Węgorzewo/Ełk
Spóźnił się na autobus więc ukradł auto, by dotrzeć na przesłuchanie do prokuratury. 46-latkowi zatrzymanemu przez węgorzewskich policjantów grozi 10 lat więzienia.
Funkcjonariusze zauważyli na jednej z bocznych dróg w gminie Pozezdrze samochód, którym od kilku dni nikt nie jeździł. BMW stało na poboczu jezdni. Pojazd w policyjnych systemach widniał jako skradziony w Ełku.
Policjanci po sprawdzeniu monitoringu z miejsca kradzieży wytypowali sprawcę. Okazał się nim 46-letni mieszkaniec gminy Węgorzewo. Jak się okazało, mężczyzna w jednej z ełckich przychodni ukradł kurtkę z kluczykami do BMW i odjechał.

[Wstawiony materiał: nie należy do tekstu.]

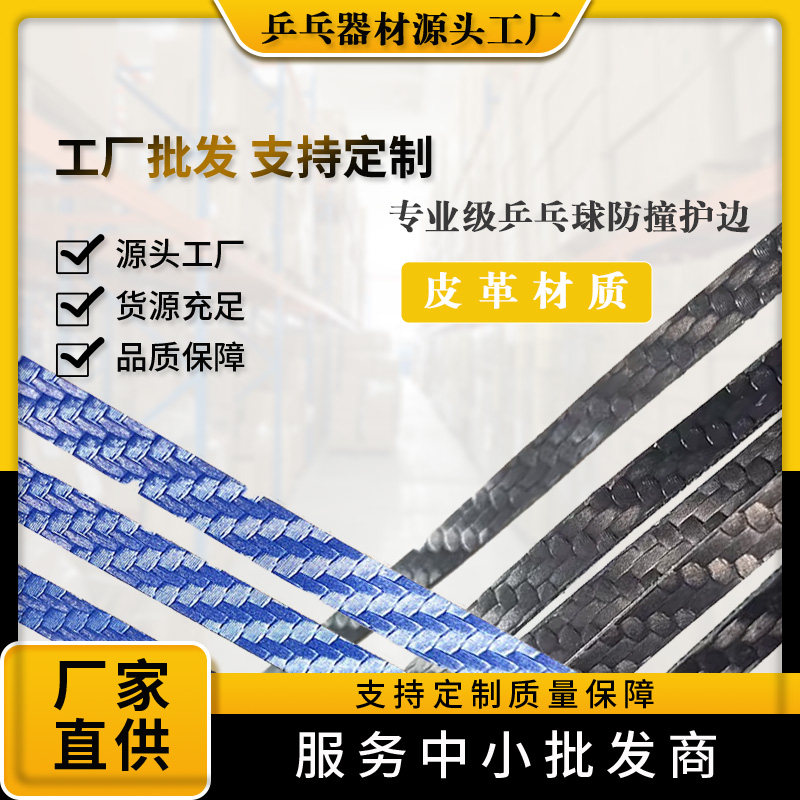 乒乓球拍PU皮革材质碳纤维纹理护边条亚光防撞防磕碰超级耐用自粘图片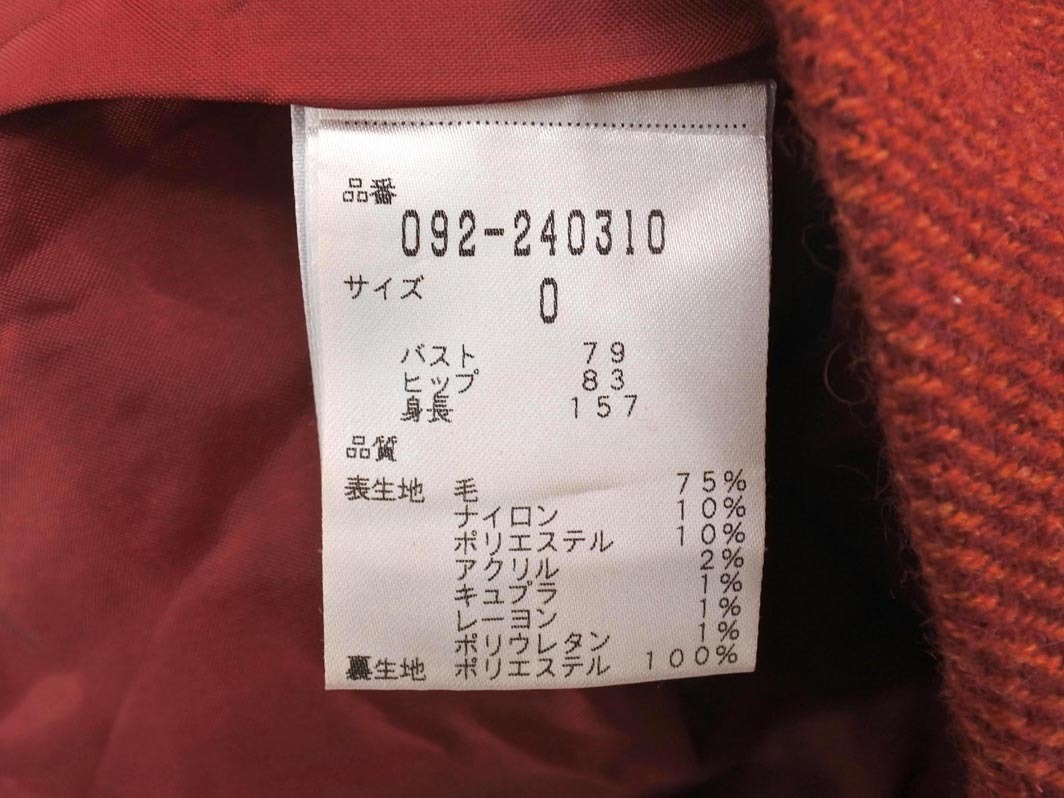 JILLSTUART ジルスチュアート ウール混 ワンピース size0/赤 ◇■ ☆ fia5 レディース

– Policjantom tłumaczył, że spóźnił się na autobus, a musiał dojechać do prokuratury na przesłuchanie – informuje Agnieszka Filipska, oficer prasowy węgorzewskiej komendy.
46-latek trafił w ręce ełckich mundurowych. Prokurator zastosował wobec mężczyzny tymczasowy areszt na 2 miesiące.